Untuk kolom kategorikal yang bertipe objek atau numerik. Contoh:

- NAME_TYPE_SUITE
- OCCUPATION_TYPE
- CNT_FAM_MEMBERS
- NONLIVINGAPARTMENTS_AVG
- ...

In [None]:
df['NAME_TYPE_SUITE'].value_counts()

In [None]:
df['OCCUPATION_TYPE'].value_counts().plot(kind='bar', figsize=(10, 5))

In [None]:
df['NONLIVINGAPARTMENTS_AVG'].plot(kind='hist', bins=50, figsize=(10, 5))

In [None]:
def is_categorical(column: pd.Series):
    return column.dtype.kind in 'O' and column.nunique() / column.shape[0] < 0.01


def fill_na_with_mode(column: pd.Series):
    return column.fillna(column.mode()[0])


df = df.apply(lambda x: fill_na_with_mode(x) if is_categorical(x) and x.name not in excluded_column else x)
df.head()

#### Leftover Missing Values

This means that the column has missing values that are not too many, and the column is not numeric and continuous. For these columns, we can impute the missing values with the median for numeric columns and the mode for categorical columns.

In [None]:
df.isnull().sum()

In [None]:
df.AMT_GOODS_PRICE.plot(kind='hist', bins=50, figsize=(10, 5))

In [None]:
df.AMT_GOODS_PRICE.fillna(df.AMT_GOODS_PRICE.median(), inplace=True)

In [None]:
df.CNT_FAM_MEMBERS.plot(kind='hist', bins=50, figsize=(10, 5))

In [None]:
df.CNT_FAM_MEMBERS.fillna(df.CNT_FAM_MEMBERS.median(), inplace=True)

In [None]:
df.EXT_SOURCE_3.plot(kind='hist', bins=50, figsize=(10, 5))

In [None]:
df.EXT_SOURCE_3.fillna(df.EXT_SOURCE_3.median(), inplace=True)

In [None]:
df.OBS_30_CNT_SOCIAL_CIRCLE.plot(kind='hist', bins=50, figsize=(10, 5))

In [None]:
df.OBS_30_CNT_SOCIAL_CIRCLE.fillna(0, inplace=True)

In [None]:
df.DEF_30_CNT_SOCIAL_CIRCLE.plot(kind='hist', bins=50, figsize=(10, 5))

In [None]:
df.fillna({'DEF_30_CNT_SOCIAL_CIRCLE': 0, 'DEF_60_CNT_SOCIAL_CIRCLE': 0, 'OBS_60_CNT_SOCIAL_CIRCLE': 0}, inplace=True)

In [None]:
req_bureau_col = [x for x in df.columns if x.startswith('AMT_REQ')]
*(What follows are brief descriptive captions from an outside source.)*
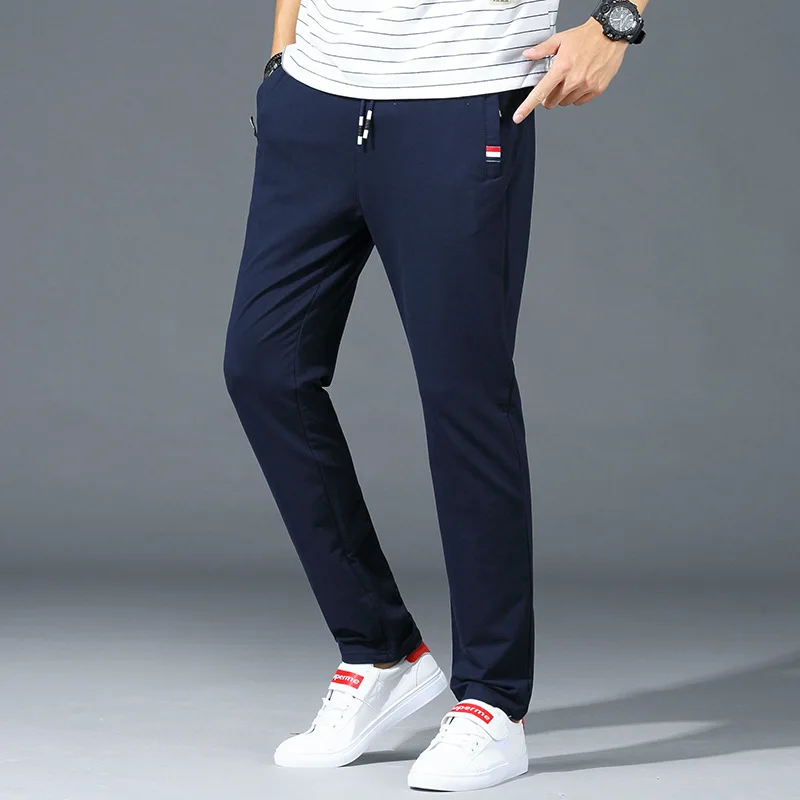 Мужские повседневные брюки для пробежек фитнеса мужская спортивная одежда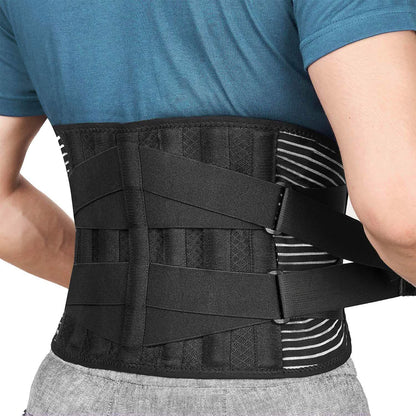 Back Support Brace Breathable Mesh Lumbar Support Belt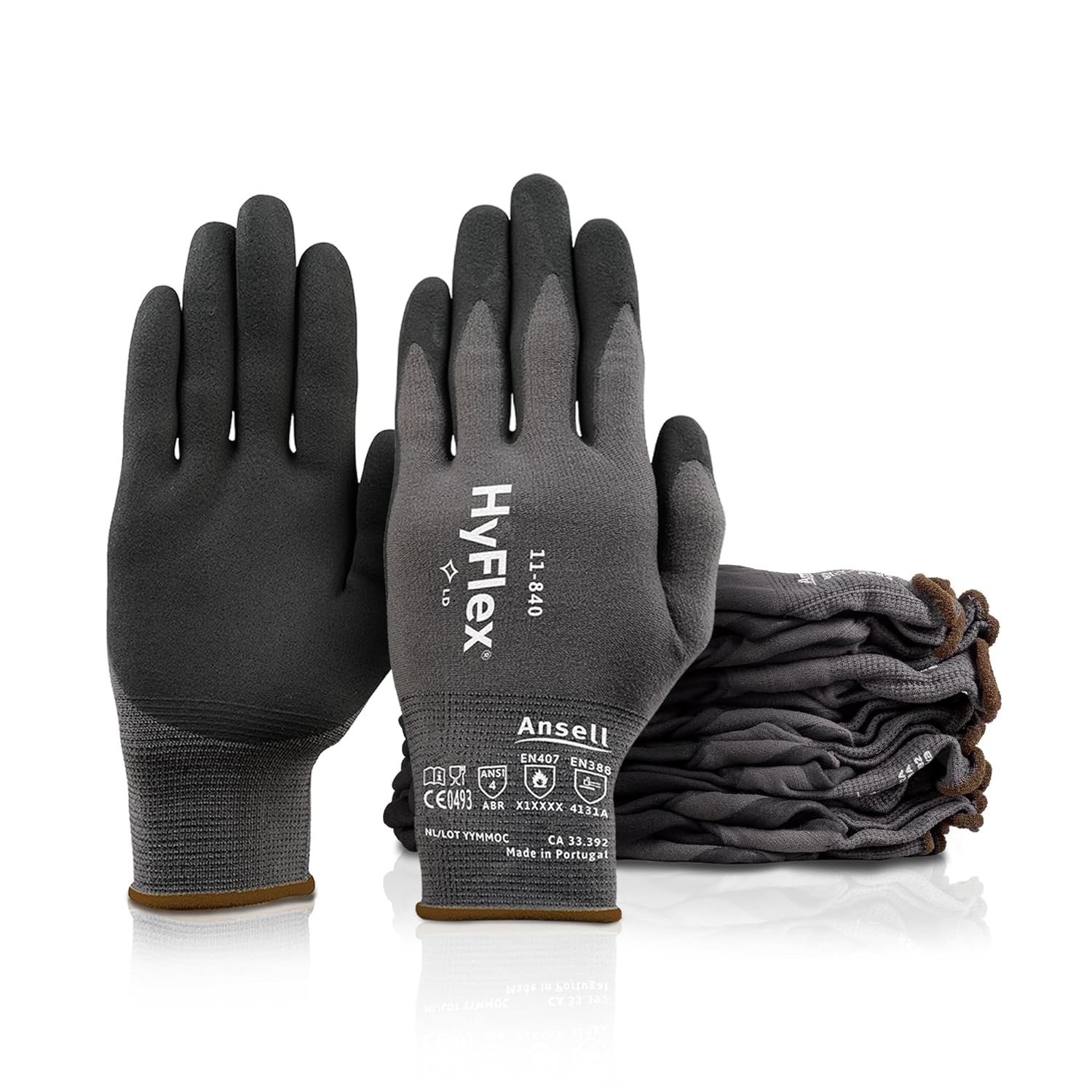 Ansell HyFlex 11-840 gants de travail taille L 12 paires 🧤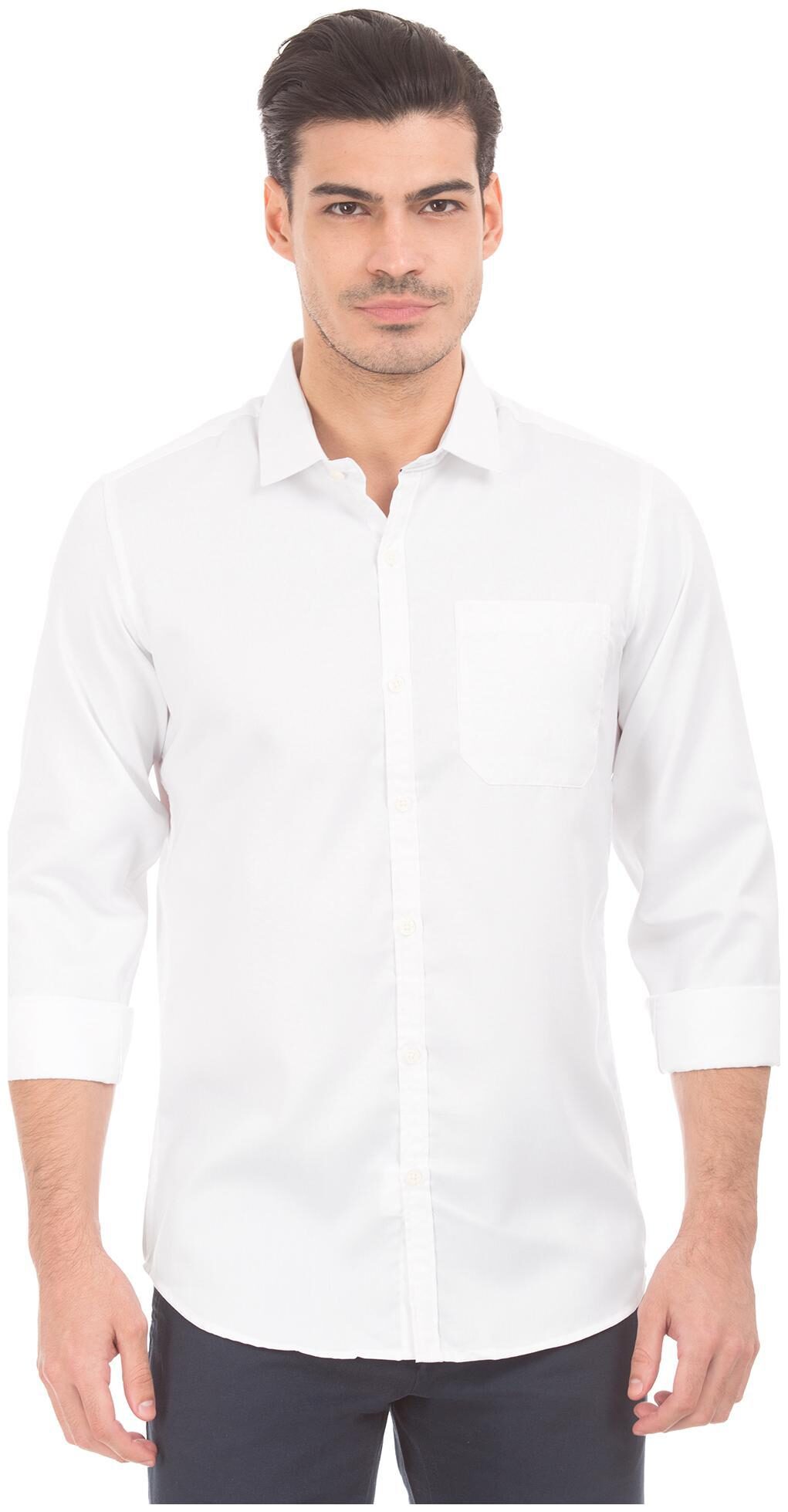 

Excalibur Men Slim fit Formal Shirt - White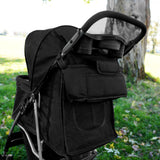 Borsa Organizer per Passeggino per Animali - Nero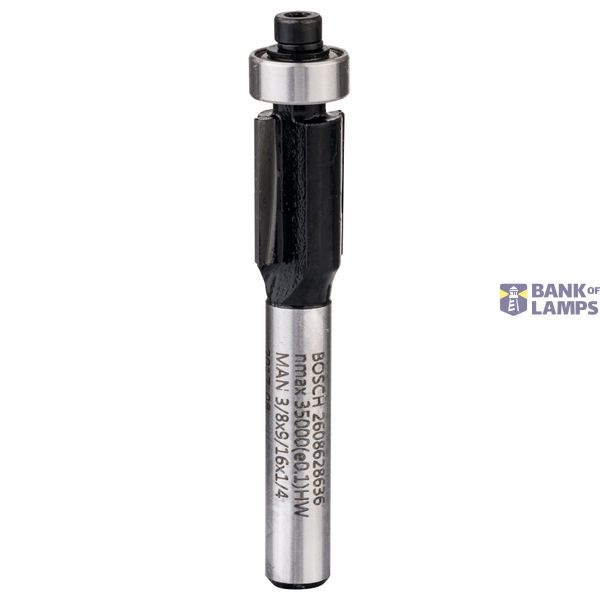 Laminate trim bit, 1/4", D1 9.5 mm, L 13.7 mm, G 56 mm image 1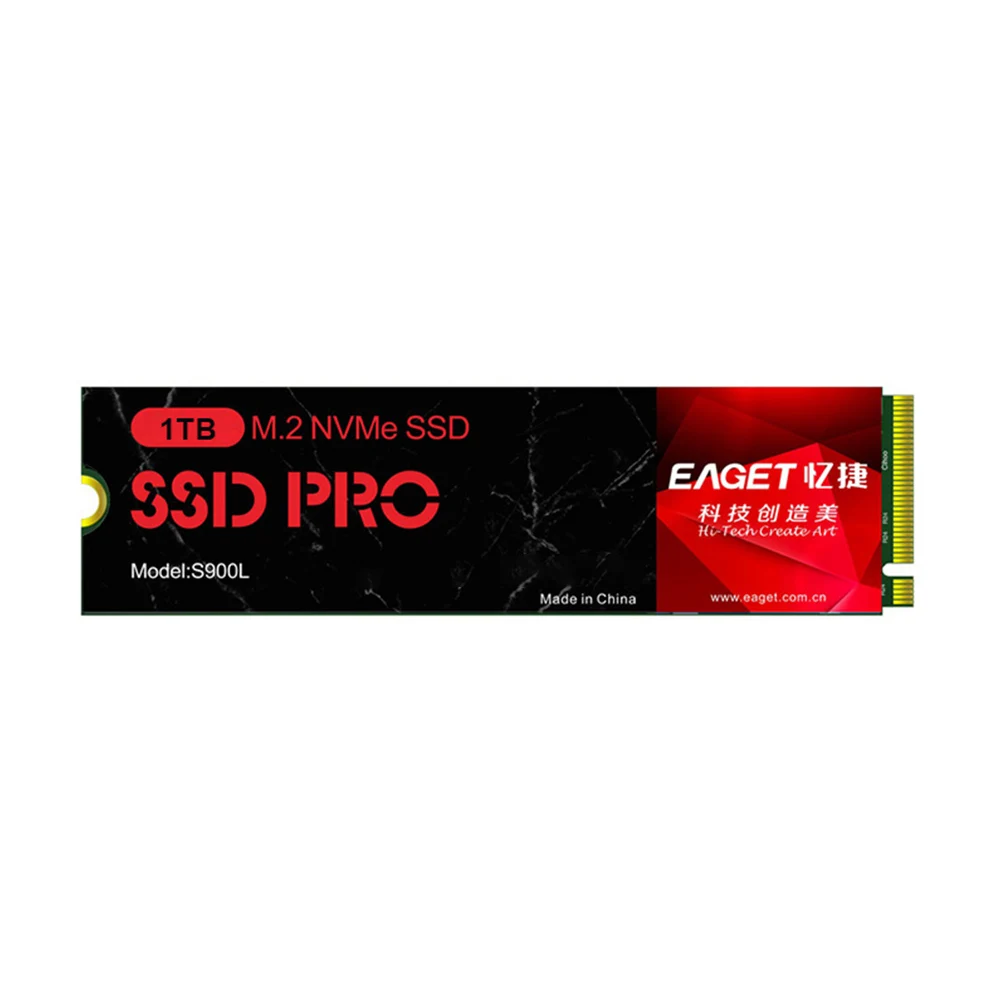 

EAGET S900L Solid State Drive M.2 PCI-E SSD 2280 NVMe Protocol PCIe3.0 128GB/256GB/512GB/1TB Solid State Drive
# visualize its distribution
fig, axes = plt.subplots(3, 2, figsize=(15, 15))
axes = axes.flatten()

for i, col in enumerate(req_bureau_col):
    df[col].plot(kind='hist', bins=50, ax=axes[i])
    axes[i].set_title(col)
    
plt.tight_layout()
plt.show()

In [None]:
# most of the columns can be filled with 0, except for AMT_REQ_CREDIT_BUREAU_YEAR.
# AMT_REQ_CREDIT_BUREAU_YEAR will be filled with median
df.fillna({col: 0 for col in req_bureau_col[:-1]}, inplace=True)
df.fillna({'AMT_REQ_CREDIT_BUREAU_YEAR': df['AMT_REQ_CREDIT_BUREAU_YEAR'].median()}, inplace=True)

In [None]:
df.isnull().sum()

### Bureau Dataset

For bureau dataset, we can immediately join it with bureau_balance dataset to get the latest status of each credit bureau.
 
We will perform average, maximum, and count aggregation for MONTHS_BALANCE, and count aggregation for each STATUS code.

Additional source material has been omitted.